Sora tries to memorise every detail of the scene before him, determined to never ever let it disappear from his memory.
San Fransokyo
Sora emerges from his reverie violently, surging forward with a loud gasp and slamming his hand onto the stop button next to the seat opposite. His breathing is hard, as though he has been trapped underwater for too long, but Sora can’t hear it over the medley of what the fuck raging through his head.
The tram comes to a gentle stop, and Sora tears out the door into the freezing rain and gulps in air like a drowning man. It is frigid, seeping into his bones and his lungs, but it grounds him. It distracts him from foreign memories of suffocating in a boiling desert, and the one nostalgic memory of a beach he does not recognise.
That’s it, he thinks. He’s fucking lost it.
He’s clearly snapped. Why else would he be having really vivid daydreams that include a customer from his café? Perhaps he needs to go to one of those Baymax machines in the corner of every health store: even a fucking hug from a robotic balloon would make him feel less insane right now.
The rain has soaked through his coat and his scarf, but Sora allows the cold to seep into him. In the morning, he might regret not waiting until the tram had climbed the monstrously steep hill he now has to walk up, but for now he stands there on the street corner as people bustle around him.
When he finally makes it home, after nearly crawling up the hill on all-fours, his cat is sitting outside his door expectantly. Sora stumbles into his apartment, one hand reaching out for the light switch, and slams the door behind him.

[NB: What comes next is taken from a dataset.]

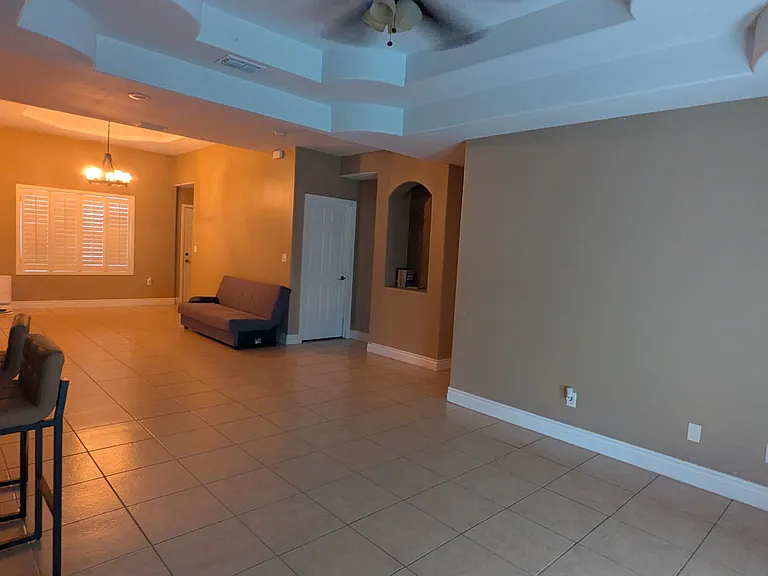 10520 Wolf Creek Ave — Photo 9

Somehow, Sora manages to sleep.
Somehow, he manages to get up the next morning, let the cat out, and head to the café before the clock hits five.
Somehow, he manages to force the strange day that was yesterday completely out of his mind, until it is a vague issue pressing on his consciousness but not overbearing. He hums, a light tune from a Disney Town ride (he’s never been to Disney Town, but he ignores that too), putting the muffins out just before seven and following them up with cupcakes and three types of bagels.
He refills the drinks, dozens of flavours of Taj juice, and distantly hears the bell ring as he pushes the first set of sandwiches into the fridge. Sora turns, a sweet and welcoming smile on his face, ready to face his first customer of the day.
And nearly faints at the sight of Riku.